Oscar Micheaux

Oscar Micheaux est un réalisateur, producteur, scénariste, acteur et écrivain américain, de son nom complet Oscar Devereaux Micheaux, né à Metropolis (Illinois) le , décédé d'un arrêt cardiaque à Charlotte (Caroline du Nord) le .

Poster publicitaire pour le film Lying Lips (1939)

Il est considéré comme le père du cinéma afro-américain.

Biographie

Jeunesse et formation

Oscar Micheaux[1], [2] est le fils de Calvin Swan Micheaux, un fermier, et de Belie (Washingham) Michaux[3], une institutrice[4], il est le cinquième[3] de leur treize - ou onze enfants, les sources divergent - enfants[5]. Après ses études secondaires à la Great Bend High School (en), il occupe différents emplois.

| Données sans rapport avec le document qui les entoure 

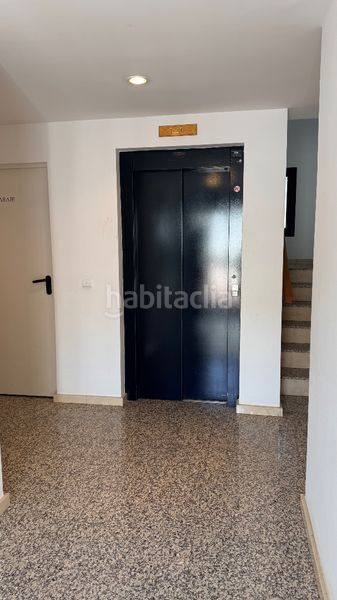 Foto 5d4a23cd-3ed4-4d1c-a044-32150acb48dc. Pis amb aparcament piscina a Mijas golf Mijas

Inspiré par Booker T. Washington[6] qui prône l'indépendance économique vis-à-vis de la société « blanche », en 1904, il achète une ferme près de Gregory dans le Dakota du Sud[4] qu'il commence à exploiter en 1905[7].

Carrière professionnelle

Auteur de sept romans (entre 1913 et 1947), ainsi que de nouvelles, en 1913 il publie son premier livre The Conquest[8] qui est suivi de The Forged Note en 1915, puis de The Homesteader en 1917, sorte de trilogie racontant la vie de jeunes ruraux afro-américains dans le monde blanc du Dakota du Sud[9]. Pour garder le contrôle de la diffusion de ses œuvres littéraires, il crée une maison d’édition, la Western Book Supply Company[10].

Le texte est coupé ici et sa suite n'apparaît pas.